St. Paul Public Schools is asking voters on Nov. 4 to back a $37.2 million-a-year tax increase — not to add extras, but to preserve what it’s got.
Think not just the essentials, but programs dedicated to the arts, and building trades, and non-English languages and cultures.
Superintendent Stacie Stanley, now five months into the job, has been busy “hitting the pavement,” she said, to speak with residents about securing a stable fiscal foundation for her district and avoiding cuts to potentially vulnerable programs.
“This isn’t the icing on the cake,” she said. “This is the cake.”
A campaign committee, Yes for Strong Schools, has drawn sizable support from the district’s teachers union. Mayor Melvin Carter and state Rep. Kaohly Vang Her — who is challenging Carter in this year’s mayoral race — also say they strongly back the ballot measure.

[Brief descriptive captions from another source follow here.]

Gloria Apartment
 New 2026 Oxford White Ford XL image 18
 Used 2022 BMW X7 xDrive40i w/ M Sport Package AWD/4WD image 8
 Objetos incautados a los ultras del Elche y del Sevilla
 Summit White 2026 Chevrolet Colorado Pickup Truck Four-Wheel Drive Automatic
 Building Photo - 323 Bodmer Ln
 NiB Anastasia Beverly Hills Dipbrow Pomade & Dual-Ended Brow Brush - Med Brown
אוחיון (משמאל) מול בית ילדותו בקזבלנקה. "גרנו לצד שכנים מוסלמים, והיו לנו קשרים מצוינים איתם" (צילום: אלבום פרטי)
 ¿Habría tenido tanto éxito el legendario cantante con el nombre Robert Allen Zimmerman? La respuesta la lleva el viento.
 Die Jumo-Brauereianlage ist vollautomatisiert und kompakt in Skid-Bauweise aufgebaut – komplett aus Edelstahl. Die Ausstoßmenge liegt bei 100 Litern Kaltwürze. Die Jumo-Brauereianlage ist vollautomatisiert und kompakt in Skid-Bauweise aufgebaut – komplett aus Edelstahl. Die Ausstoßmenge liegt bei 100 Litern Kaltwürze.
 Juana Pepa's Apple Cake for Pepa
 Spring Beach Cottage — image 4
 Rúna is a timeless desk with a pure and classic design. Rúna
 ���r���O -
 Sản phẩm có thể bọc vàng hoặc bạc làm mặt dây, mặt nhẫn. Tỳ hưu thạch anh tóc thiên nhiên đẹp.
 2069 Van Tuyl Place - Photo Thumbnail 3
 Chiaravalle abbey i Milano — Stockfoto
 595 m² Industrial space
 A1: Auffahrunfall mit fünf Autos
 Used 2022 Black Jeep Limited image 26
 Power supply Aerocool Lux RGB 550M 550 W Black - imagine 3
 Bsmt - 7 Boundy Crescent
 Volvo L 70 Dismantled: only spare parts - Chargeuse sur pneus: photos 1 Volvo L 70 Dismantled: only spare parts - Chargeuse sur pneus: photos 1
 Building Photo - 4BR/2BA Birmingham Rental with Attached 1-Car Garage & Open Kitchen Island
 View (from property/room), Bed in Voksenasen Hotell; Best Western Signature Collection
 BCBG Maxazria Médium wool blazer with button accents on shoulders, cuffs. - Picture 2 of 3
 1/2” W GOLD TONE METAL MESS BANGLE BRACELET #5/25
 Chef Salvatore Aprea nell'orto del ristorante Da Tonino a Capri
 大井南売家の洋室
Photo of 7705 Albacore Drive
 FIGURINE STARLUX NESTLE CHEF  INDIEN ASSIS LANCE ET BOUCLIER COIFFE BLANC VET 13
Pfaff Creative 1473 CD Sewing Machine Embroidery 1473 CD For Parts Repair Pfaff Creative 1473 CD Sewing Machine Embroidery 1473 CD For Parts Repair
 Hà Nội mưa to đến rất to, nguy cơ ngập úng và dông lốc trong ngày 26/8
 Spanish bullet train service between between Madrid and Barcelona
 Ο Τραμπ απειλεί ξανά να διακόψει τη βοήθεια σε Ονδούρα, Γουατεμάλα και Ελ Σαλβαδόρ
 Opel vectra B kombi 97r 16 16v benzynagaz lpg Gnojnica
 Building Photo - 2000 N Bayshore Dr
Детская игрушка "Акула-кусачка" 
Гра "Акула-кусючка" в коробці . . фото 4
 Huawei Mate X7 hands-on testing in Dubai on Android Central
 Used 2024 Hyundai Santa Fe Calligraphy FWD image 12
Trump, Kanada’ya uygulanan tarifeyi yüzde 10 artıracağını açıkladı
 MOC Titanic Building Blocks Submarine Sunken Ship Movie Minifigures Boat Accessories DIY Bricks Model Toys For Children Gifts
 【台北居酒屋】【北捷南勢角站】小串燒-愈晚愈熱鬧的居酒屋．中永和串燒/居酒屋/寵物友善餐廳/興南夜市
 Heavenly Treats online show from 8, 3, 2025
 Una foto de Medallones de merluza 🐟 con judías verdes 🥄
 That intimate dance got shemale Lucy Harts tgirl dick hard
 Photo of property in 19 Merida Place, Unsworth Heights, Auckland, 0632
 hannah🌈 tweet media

Many taxpayers, however, have grown increasingly frustrated with the cost of government in St. Paul — so much so that Stanley has been encouraging homeowners to look into the state’s property tax refund program for potential relief after they’ve paid their tabs.
If the tax increase is approved, the owner of the city’s median-valued $289,200 home would pay an additional $309 in school taxes in 2026.
“It is not lost on me what I’m asking families to do right now,” Stanley said.